Today, I am going to anger a lot of people. I will have friends and family that turn their backs on me for what I'm about to do...and I don't care. No, I'm not leaving my senses and burning the American flag. I'm burning the symbolic flag of loyalty I've hoisted for the Denver Broncos since 1977.It is finally over. For a variety of reasons you can currently see in the headlines of any sports rag, and for the one that ultimately made my mind up that you can't read. Losing is not the reason, but it doesn't help. 16 of 21 is bad...but I am still a Royals fan, so I can't lay it a the feet of poor play. Taping scandals? Don't say that everyone does it and it's not a big deal because it is. It's silly and cowardly and most importantly happens to be cheating. That's not why I walk away today, either (but it doesn't help).
When I was seven years old, the Broncos played in their first Super Bowl. Red Miller led them there in his rookie year as coach. Craig Morton quarterbacked a steep underdog team that lost to Dallas, but won my heart. As a Wyoming boy, we had no close franchise in any sport to shove our loyalty toward. I distinctly remember that the Casper Star Tribune, pre-Rockies, ran a reader poll (where you mailed your ballot to them with a stamp and everything...bizarre) to see which Major League Baseball team they should cover as the "home town" team. The geographic choices based on distance? Kansas City, St. Louis or Seattle. I voted along with the majority of other Casperites to make it the Cardinals, even though I wasn't a fan. But who you rooted for during NFL play was never in question in my home. Once we snatched John Elway from the Yankees and Colts in '82, my love was sealed.

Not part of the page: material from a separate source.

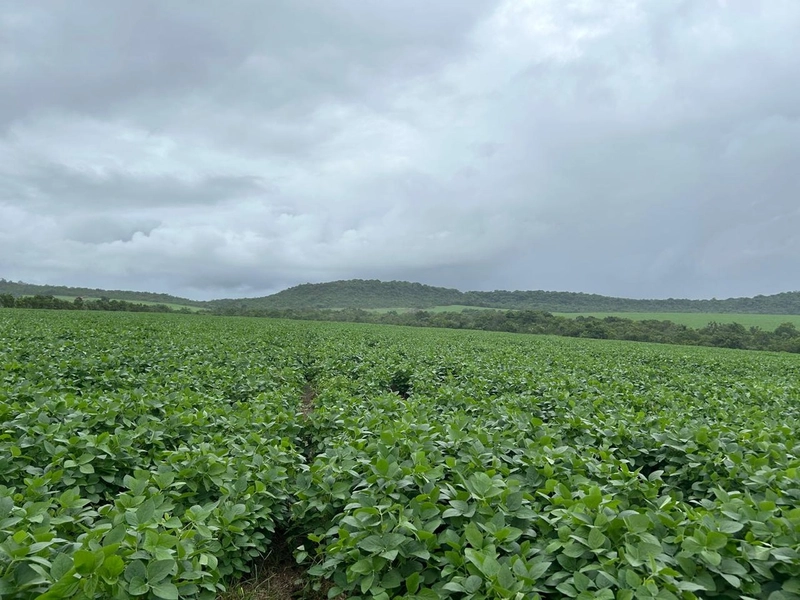 Fazenda para SOJA no Mato Grosso - Nova Xavantina-MT: 8ª foto da galeria de imagens do imóvel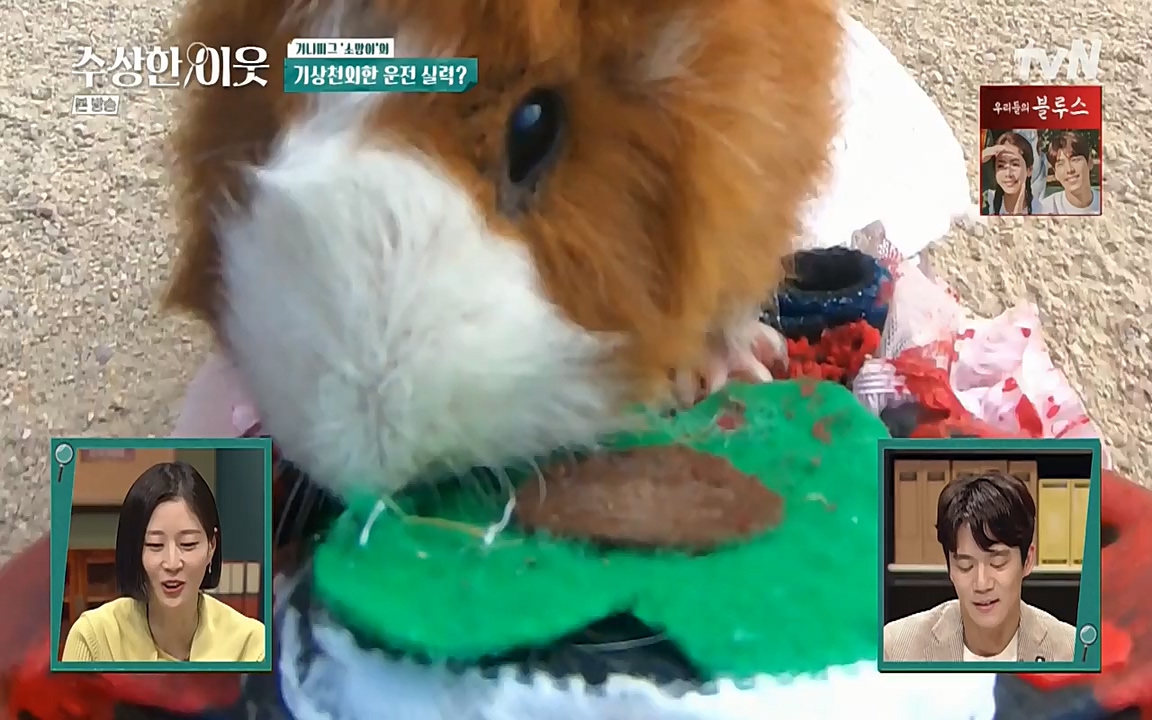 수상한 이웃.E02.220408p-NEXT.mp4_20220409_180950.903.jpg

I've literally taken punches for being a Bronco fan. I went to a Monday night affair at Arrowhead Stadium (Chiefs vs. Raiders) in the mid 1990's with three big Chief fans. As a Donkey lover, I wanted them both to lose, but had to side with the Raiders to get a rise out of my buds. I (not altogether wisely) finished my 5th beer in the parking lot and wagered with them that they could each punch me in the left shoulder as hard as they liked, one time each, for every score the Chiefs had. Derek Thomas had seven sacks and KC scored an NFL record 22 touchdowns according to the X-Rays on my shoulder. It was worth every one of the 14 days I sported that greeple* bruise.
John Elway and Terell Davis brought me to the coveted land I'd always dreamed to visit in '97 and '98. I cried in my living room when Elway held the trophy above his head. I will always contend that he's the best all-around QB to ever play.
But something wasn't sitting right with me then...and it has come home to roost. Literally.
I moved to Kansas City in 1994. That's going on 17 years. My kids were born here. There was no question in our house and no Tribune mail-in contest to determine who to cheer for on Sundays. Its the Chiefs, of course. Except there's me, sitting there in my T.D. jersey, sulking as the other three trade high fives on the couch (last year's season-ending blowout loss to the Chiefs at Invesco). Sometimes I'll walk past the room where they sit and watch Cassel to Bowe touchdowns and enviously stare at them, like a hungry dog under the Thanksgiving dinner table. And they don't give me scraps. "It's your choice, dude", my wife once said to me during a chest-bumping contest they were having in the living room.
Well, Pat Bowlen, I'm mailing in my ID card. I'm sending back my badge. I took the jersey to Goodwill. I'm burning the ratty old flag with the big orange D in Times New Roman with a snouty white Mare poking though it.
I'm sorry Denver. I always loved you, but you've given me to the ultimate reason to love something...it's right in my living room.
Tomorrow, I'm taking the family to the Chiefs/Broncos game at Arrowhead. It's going to be extrememly cold and positively hard to hear-yourself-think-loud. I'm going to do something I've never done before. Eat seven hot dogs before noon.
And then I'm going to root for my hometown Chiefs.
Don't try to argue with me or call me a bandwagon boy. The Chiefs are rising, and they have a chance to make the playoffs for the first meaningful time in forever, but that's not what this is about. Even if Denver fired McDaniels tonight and Elway came out of retirement to coach them to six straight wins and an 8-8 division title, I wouldn't go back. If Denver wins by 50 and the Chiefs go ten more years without making the playoffs, they still have me now. It's not about loyalty...it's about loving the ones (fans, family) you're with.
*It's that disgusting clotted blood colormash of purple and green. It looks like boogers and grape jam.